Este conto bastante comum por toda Rússia, tendo sido divulgado também como Czarina Rã, por Alexander Afanasyev, o folclorista que, a partir de 1855, registrou e publicou a maior coletânea de histórias populares, com 600 narrativas!

O ANEL MÁGICO. Um conto maravilhoso extraído da coletânea de histórias indianas de Joseph Jacobs (1912), mesclando o exotismo do Oriente às convenções narrativas da Europa. Um jovem se lança ao mundo com algum dinheiro, mas usa a herança para salvar um cachorro, um gato e uma cobra. Como ensinam os contos populares, essa é sempre uma atitude muito sábia, mesmo que pareça uma grande tolice à vista de todos.

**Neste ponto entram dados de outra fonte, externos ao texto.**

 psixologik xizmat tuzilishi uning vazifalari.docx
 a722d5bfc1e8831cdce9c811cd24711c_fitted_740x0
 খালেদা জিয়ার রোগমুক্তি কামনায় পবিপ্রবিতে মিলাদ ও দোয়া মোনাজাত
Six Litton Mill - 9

Inúmeros motivos do reconto conduzem a outras histórias, evidenciando um intercâmbio cultural muito antigo e uma costura narrativa bastante surpreendente. Vejamos: um príncipe a ser desencantado da forma animal; três objetos mágicos, um anel, um pote e uma colher; castelos que desaparecem no ar; uma princesa que esquece o amado; um casamento de ratinhos a meio caminho; as diferenças de opinião entre o gato e o cachorro...

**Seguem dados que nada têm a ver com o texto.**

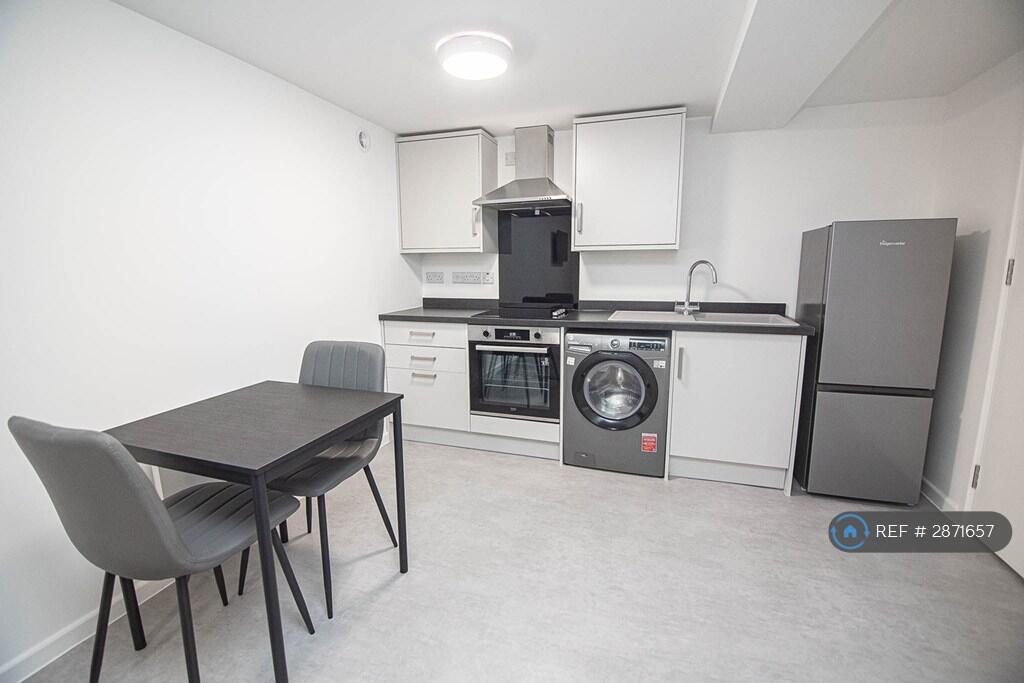 Main image of property: The Maltings, Gainsborough, DN21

A MAGIA DO AMOR. Desde a infância, Chien-Yang e seu primo Wang-Chou sentem seus corações selados em uma só vida. Contudo, os sonhos de ambos são desfeitos quando o pai da jovem, um honorável mandarim, determina o casamento de Chien-Yang com o filho de outro poderoso senhor. Triste, Wang-Chou parte rumo a capital — mas, em seu caminho, no escuro da noite, surge a jovem amiga decidida a ir com o amado.

Sonia Salerno forja uma adaptação, sob a forma de conto, da antiga lenda de Ch’ienniang, pertencente às crônicas e histórias sobrenaturais da literatura clássica chinesa registradas por volta de 690 d.C. durante a Dinastia Tang. O final fantástico é significativamente expressivo para uma narrativa que se distingue de todos os demais contos populares de magia.


A coleção Lanterna Mágica apresenta ainda o trabalho de Caleb Souza, Edu Mendes, Hugo Araújo e George Amaral, com experiências diversas em ilustração para revista, publicidade, desenho de animação e história em quadrinhos, com resultados tímidos no circuito da literatura para crianças. Merecem destaque as paisagens islandesas criadas na paleta do computador de Caleb Souza e o desenho na ponta do lápis de Hugo Araújo, algo embebido no orientalismo de Warwick Goble revelado nos gestos, figurinos e enquadramentos.

* Texto e links revistos em julho de 2017.